The knock on Scubarus is that they need head gasket replacements at about $140k, which goes abt $1500, but they're great in winter if you have good tires.
The car is pretentious. People buy them to feel adventurous and eco-minded, They kill the planet with average at best mpg. Then they stop off and drink starbucks while wearing $200 hiking boots.
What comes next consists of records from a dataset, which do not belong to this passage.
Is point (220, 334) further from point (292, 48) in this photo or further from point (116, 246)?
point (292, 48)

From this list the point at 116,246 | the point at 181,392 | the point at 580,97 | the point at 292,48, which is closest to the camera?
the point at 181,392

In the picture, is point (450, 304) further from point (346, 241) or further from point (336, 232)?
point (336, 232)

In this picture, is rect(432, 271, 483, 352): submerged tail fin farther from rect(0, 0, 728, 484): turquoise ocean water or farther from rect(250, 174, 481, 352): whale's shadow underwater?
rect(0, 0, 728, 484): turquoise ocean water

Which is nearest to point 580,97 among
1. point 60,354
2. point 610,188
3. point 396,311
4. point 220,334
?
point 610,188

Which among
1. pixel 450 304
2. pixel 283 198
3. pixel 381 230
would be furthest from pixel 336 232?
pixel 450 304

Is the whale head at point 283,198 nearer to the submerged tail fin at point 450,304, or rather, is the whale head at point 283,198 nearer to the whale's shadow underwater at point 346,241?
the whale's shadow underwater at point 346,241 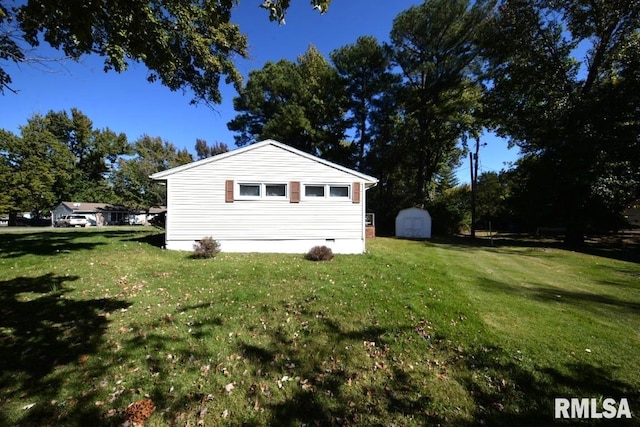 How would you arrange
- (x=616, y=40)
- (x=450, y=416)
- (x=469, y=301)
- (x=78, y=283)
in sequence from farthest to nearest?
(x=616, y=40), (x=78, y=283), (x=469, y=301), (x=450, y=416)

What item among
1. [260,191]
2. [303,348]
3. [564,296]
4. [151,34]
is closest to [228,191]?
[260,191]

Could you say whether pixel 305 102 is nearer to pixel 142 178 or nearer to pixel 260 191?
pixel 260 191

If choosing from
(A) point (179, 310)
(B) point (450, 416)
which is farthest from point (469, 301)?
(A) point (179, 310)

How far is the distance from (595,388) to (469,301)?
9.04 feet

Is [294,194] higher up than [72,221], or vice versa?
[294,194]

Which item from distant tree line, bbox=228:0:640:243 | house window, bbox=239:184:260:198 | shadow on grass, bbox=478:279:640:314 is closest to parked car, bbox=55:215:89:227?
distant tree line, bbox=228:0:640:243

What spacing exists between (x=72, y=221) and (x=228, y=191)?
43.9 metres

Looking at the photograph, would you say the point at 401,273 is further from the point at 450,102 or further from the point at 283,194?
the point at 450,102

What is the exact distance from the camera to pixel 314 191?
12.4 meters

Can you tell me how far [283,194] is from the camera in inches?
485

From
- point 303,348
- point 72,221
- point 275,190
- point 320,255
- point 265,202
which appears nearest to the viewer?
point 303,348

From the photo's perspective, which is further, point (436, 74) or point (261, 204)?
point (436, 74)

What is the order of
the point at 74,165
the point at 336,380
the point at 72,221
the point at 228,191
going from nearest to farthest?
the point at 336,380 → the point at 228,191 → the point at 72,221 → the point at 74,165

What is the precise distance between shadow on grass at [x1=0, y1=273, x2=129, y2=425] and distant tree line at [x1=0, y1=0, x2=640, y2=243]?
4.84m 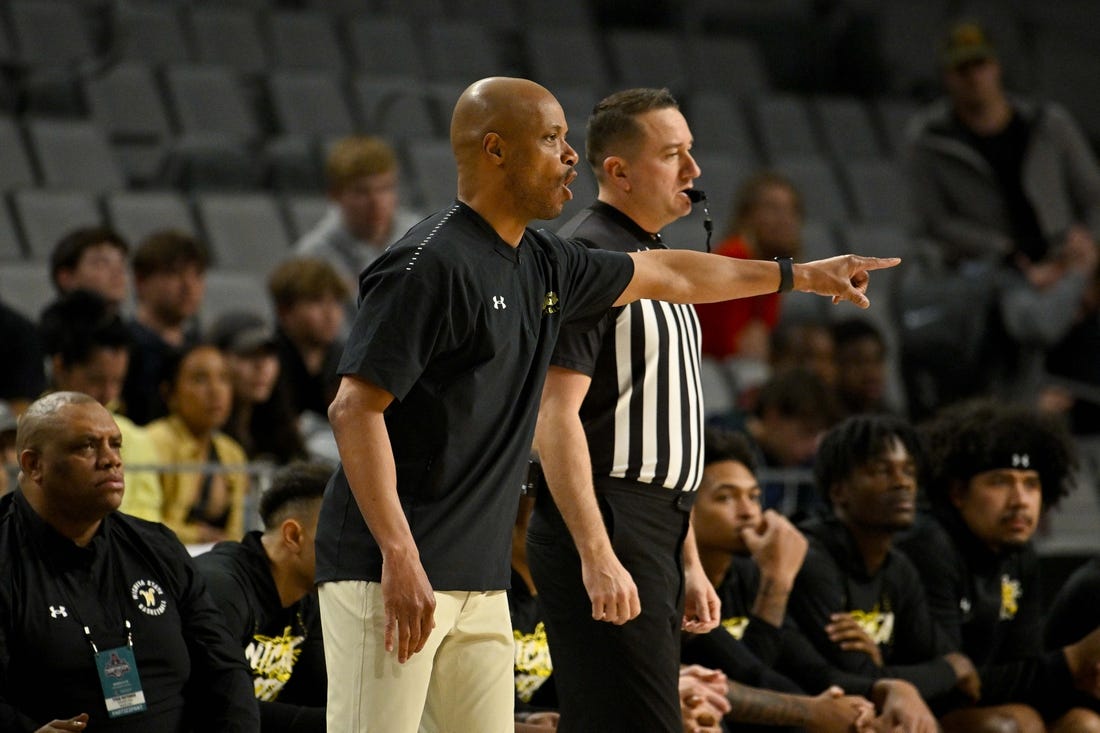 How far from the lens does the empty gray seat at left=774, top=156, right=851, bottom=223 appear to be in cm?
1031

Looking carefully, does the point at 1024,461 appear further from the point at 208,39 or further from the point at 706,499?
the point at 208,39

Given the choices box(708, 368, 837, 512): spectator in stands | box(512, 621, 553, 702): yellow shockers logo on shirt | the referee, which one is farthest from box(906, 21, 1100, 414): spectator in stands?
the referee

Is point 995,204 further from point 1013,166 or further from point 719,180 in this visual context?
point 719,180

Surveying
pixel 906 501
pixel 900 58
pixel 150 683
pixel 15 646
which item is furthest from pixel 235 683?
pixel 900 58

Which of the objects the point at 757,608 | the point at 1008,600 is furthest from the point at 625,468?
the point at 1008,600

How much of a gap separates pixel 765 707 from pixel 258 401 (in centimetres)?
268

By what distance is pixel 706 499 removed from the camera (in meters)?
4.94

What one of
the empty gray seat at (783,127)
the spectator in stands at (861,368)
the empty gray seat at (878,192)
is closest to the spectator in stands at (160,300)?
the spectator in stands at (861,368)

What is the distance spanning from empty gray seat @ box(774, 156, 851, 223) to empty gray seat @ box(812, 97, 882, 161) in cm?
29

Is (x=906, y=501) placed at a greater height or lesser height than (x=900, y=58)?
lesser

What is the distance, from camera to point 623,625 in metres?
3.52

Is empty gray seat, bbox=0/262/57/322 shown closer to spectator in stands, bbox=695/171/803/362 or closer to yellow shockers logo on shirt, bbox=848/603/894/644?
spectator in stands, bbox=695/171/803/362

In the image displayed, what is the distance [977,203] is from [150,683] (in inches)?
212

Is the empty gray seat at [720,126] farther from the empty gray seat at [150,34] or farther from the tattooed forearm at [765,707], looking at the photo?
the tattooed forearm at [765,707] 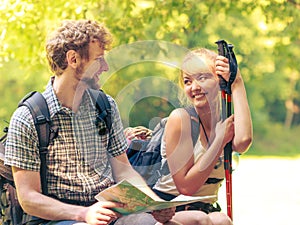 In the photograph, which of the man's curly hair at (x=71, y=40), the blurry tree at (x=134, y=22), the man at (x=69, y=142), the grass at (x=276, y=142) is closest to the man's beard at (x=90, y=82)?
the man at (x=69, y=142)

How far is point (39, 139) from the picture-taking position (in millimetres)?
3457

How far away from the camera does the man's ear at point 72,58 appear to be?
11.7 ft

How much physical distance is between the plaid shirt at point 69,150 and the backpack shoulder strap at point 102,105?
0.02 m

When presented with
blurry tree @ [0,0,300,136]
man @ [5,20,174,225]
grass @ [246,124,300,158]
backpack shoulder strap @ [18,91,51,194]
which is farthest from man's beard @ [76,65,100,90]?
grass @ [246,124,300,158]

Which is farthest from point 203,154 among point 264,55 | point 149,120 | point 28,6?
point 264,55

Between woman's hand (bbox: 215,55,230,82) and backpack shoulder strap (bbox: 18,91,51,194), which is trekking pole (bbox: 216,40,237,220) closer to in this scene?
woman's hand (bbox: 215,55,230,82)

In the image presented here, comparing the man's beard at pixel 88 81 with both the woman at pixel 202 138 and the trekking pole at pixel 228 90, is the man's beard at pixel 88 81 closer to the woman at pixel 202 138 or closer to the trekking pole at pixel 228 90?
the woman at pixel 202 138

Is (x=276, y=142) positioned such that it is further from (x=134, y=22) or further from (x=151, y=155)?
(x=151, y=155)

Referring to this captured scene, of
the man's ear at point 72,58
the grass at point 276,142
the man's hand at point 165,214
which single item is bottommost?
the grass at point 276,142

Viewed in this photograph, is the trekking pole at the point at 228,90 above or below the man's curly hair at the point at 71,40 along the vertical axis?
below

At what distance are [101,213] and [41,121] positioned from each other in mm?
505

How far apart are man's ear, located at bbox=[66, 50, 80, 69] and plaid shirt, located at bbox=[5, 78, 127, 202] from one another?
6.1 inches

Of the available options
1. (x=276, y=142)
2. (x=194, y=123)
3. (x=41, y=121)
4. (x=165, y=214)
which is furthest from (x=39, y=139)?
(x=276, y=142)

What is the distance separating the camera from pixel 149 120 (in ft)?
15.4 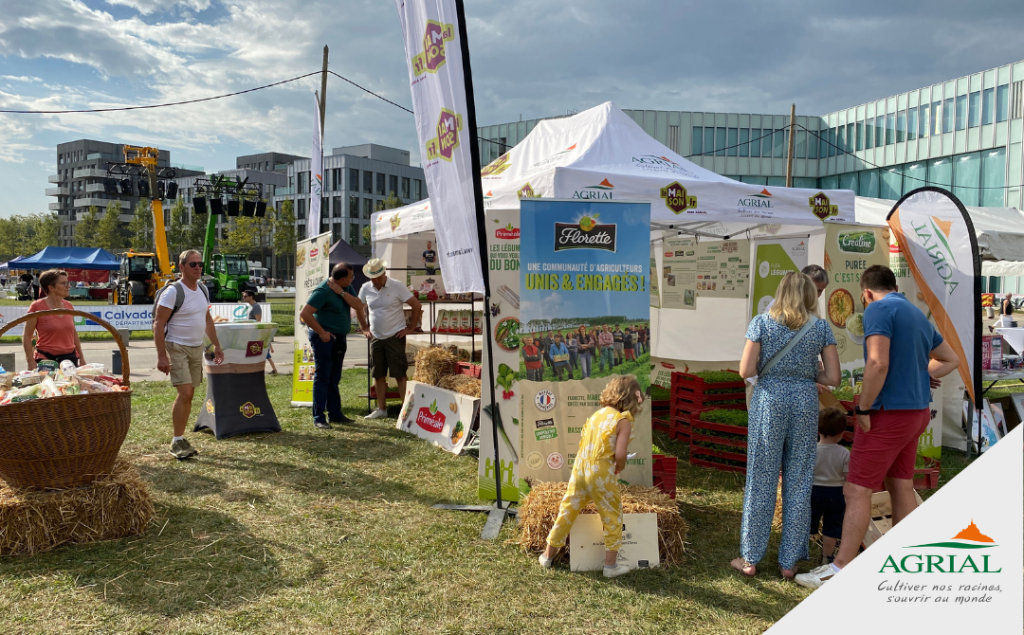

Sounds practical.
Nah, they don't compensate by owning a Subaru they flaunt their tiny peckers by owning a Subaru.
subarus are definitely popular with the "REI" crowd. upper middle class 'outdoorsy' souls. not necessarily douchey, but perhaps a little 'try hard'?
an impreza is basically an expensive honda fit with AWD and an inch more of ground clearance. in anything but snow/dirt, the fit is more fun to drive and more economical.
all this said, subarus are generally reliable but watch out for models i.e. crosstrek made 100% in american factories (lazy union workers). 'designed in japan' only counts for so much.
you are such a weenie.you live in a suburban area and watch television every night when you get home.experience the world, you insecure little twerp
Bando wrote:
I've always liked the style of the Subaru cars but everyone I see driving one is an eco-nut, granola eating, goofball. So the question, is a great car or douchemobile?